Introduction

Approximately 12.1 million girls aged 15–19 years give birth each year in developing countries [1]. Especially in Africa, with the inaccessibility of contraceptive methods, the unfavorable attitudes of the community toward adolescent contraceptive use, and poor knowledge of sexual and reproductive health in adolescents, the prevalence of adolescent pregnancy is higher at 18.8% compared to other low- to middle-income countries (6.4% in Latin America, 4.5% Southeastern Asia, and 0.7% in Eastern Asia) [2]. Moreover, half of the adolescent pregnancies happened unintendedly in girls aged 15–19 in developing countries [1]. Adolescent pregnancy brings unfavorable consequences to girls from physical, mental, and social perspectives [3]. World Health Organization reported that pregnancy and childbirth complications are the leading cause of death for girls aged 15–19 years.
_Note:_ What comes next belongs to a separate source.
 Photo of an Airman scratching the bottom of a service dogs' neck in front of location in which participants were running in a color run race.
In addition, 5.6 million abortions are estimated to occur annually, of which 3.9 million are unsafe, leading to maternal mortality, morbidity, and lasting health problems [3]. It is also reported that adolescent pregnancy is a high risk factor for depressive symptoms, increasing the risk for substance and alcohol abuse and a harsher parenting style in adolescents [4].
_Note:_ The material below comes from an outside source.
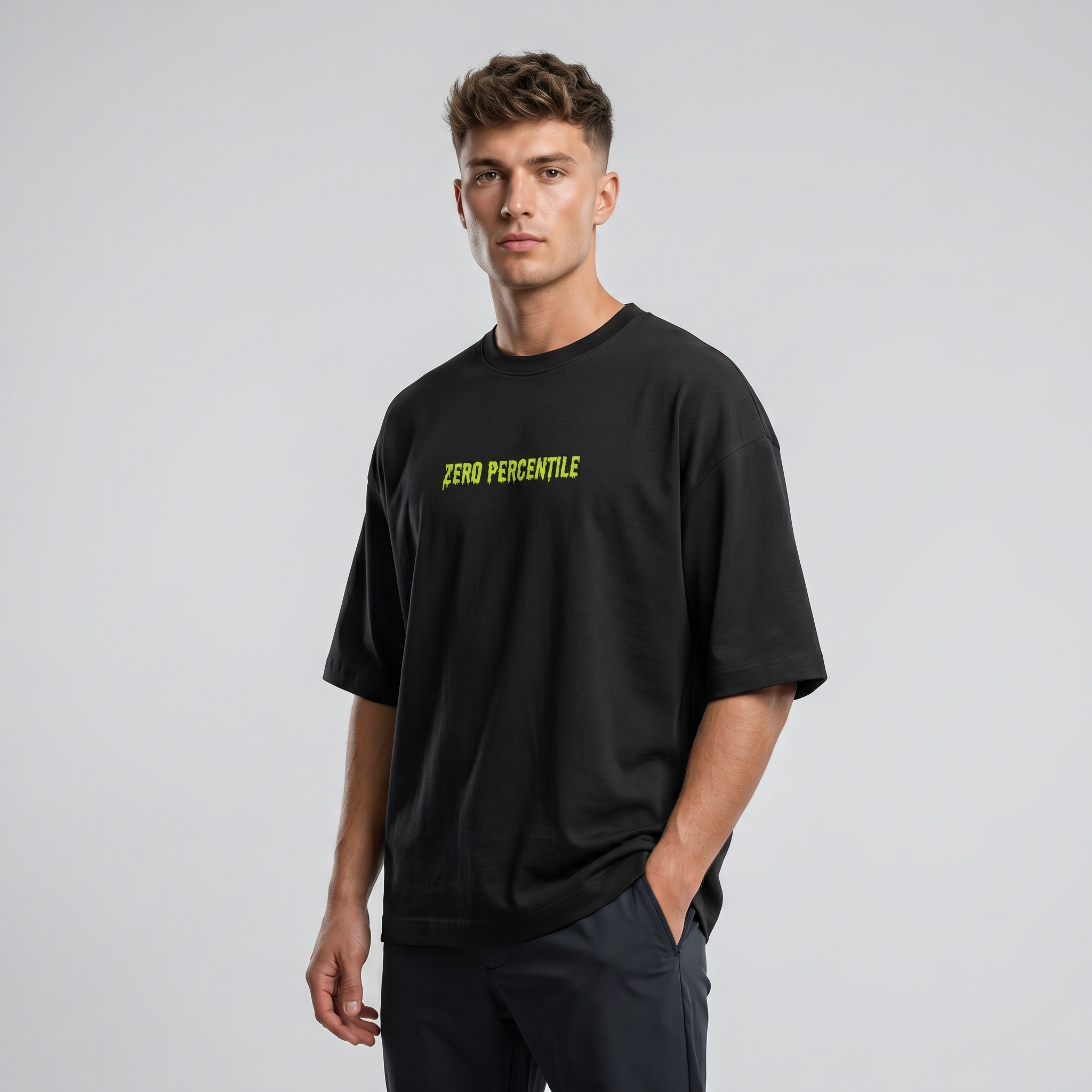 A man wearing a black oversized t-shirt with 'ZERO PERCENTILE' printed in neon yellow across the chest, paired with dark gray pants, against a light gray studio background.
Moreover, adolescent pregnancy increases school dropout rates, leading to economic and social disadvantages [5]. Approximately 50% of teen mothers receive a high school diploma [6]. Due to these physical, mental, and social disadvantages that girls suffer from adolescent pregnancy, the decrease in adolescent pregnancy rate is set as one of the global Sustainable Development Goals (3.7.2) [7].

In Tanzania, the adolescent pregnancy rate is very high at 27% [8], with the ninth highest frequency worldwide [9]. Between 2010 and 2015–16, a 4% increase in the pregnancy rate was observed in Tanzanian teenage [10]. Although policy change in late 2021 in Tanzania allowed teen mothers who dropped out from school to return, school dropout due to pregnancy is still a significant issue to solve. Therefore, finding the risk factors that improve or worsen reproductive health attitudes and behaviors for effective pregnancy prevention among adolescents in Tanzania is critically required.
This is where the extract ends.